Hinsichtlich des Aspekts der Attraktivität war es uns in den letzten Jahren sehr wichtig, immer wieder die Gerichtspräsidenten dahin gehend zu sensibilisieren, dass Beförderungsentscheidungen auch für den Justizwachtmeisterdienst stärker getroffen werden. Sofern es Leistung und Befähigung zulassen, sollten sie an Beförderungsmaßnahmen teilhaben. So sind in den letzten fünf Jahren mehr als 50 Beförderungen auch für den Justizwachtmeisterdienst realisiert worden.

Ich danke sehr für das Interesse an dieser Laufbahn. Wenn es Änderungsbedarf im parlamentarischen Verfahren bei einer Änderung des Laufbahn- und Dienstrechts, sofern dies nötig ist, gibt, oder auch hinsichtlich der Personalausstattung im laufenden Haushalt, bitte ich um Unterstützung. 


Rüdiger Erben (SPD): 

Es sei mir noch eine Nachfrage gestattet. 


Franziska Weidinger (Ministerin für Justiz und Verbraucherschutz): 

Na klar. 


Rüdiger Erben (SPD): 

Frau Ministerin, teilen wir die Auffassung, dass der Kern der Frage ist, ob wir den Justizwachtmeisterdienst letztlich in den mittleren Dienst überführen? Für das Auditorium muss einmal kurz erwähnt werden, dass die Erhöhung des Eingangsamts im einfachen Dienst auf die Besoldungsgruppe A 5 zugleich eine Ernennung im Endamt bedeutet. Das ist die Problematik, die dahintersteckt. Ich glaube, wenn sich jemand für eine Laufbahn eines Beamten entscheidet, ist es auch Motivation für die Arbeit, in seinem Leben zumindest einmal befördert zu werden. Insofern ist doch der Wechsel der Laufbahn der entscheidende Punkt, den es zu beantworten gilt. 

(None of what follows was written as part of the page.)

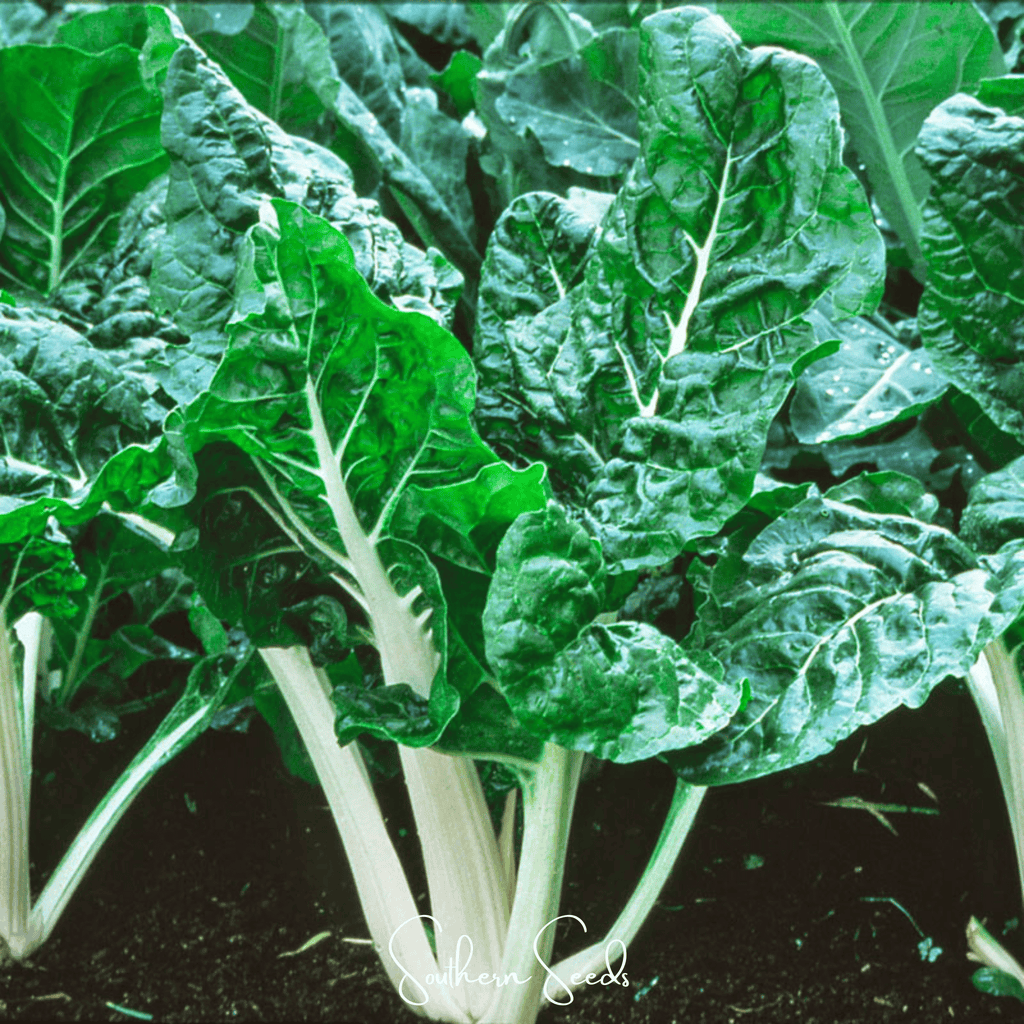 Lucullus Swiss Chard – 100 Seeds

Franziska Weidinger (Ministerin für Justiz und Verbraucherschutz): 

Sie haben recht. Aber es gibt für den Justizwachtmeisterdienst auch weiterhin ein Beförderungsamt; das bleibt nach wie vor erhalten. Dass das vielleicht eine Änderung erfahren muss, ist zuzugestehen. Aber die Prüfung ist eben noch nicht abgeschlossen. Zu bedenken ist, dass dann die Ausbildung länger dauert, dass Anforderungen höher werden, dass das Auswahlverfahren strenger wird und es müssen genügend Kollegen gefunden werden. Das ist sehr komplex. Daher ist es mir sehr wichtig, dass wir mit unseren Justizwachtmeistern konkret vor Ort über die Anforderungen, die Gerichte und Staatsanwaltschaften haben, gut sprechen. Aber eine Beförderung ist nach wie vor möglich. 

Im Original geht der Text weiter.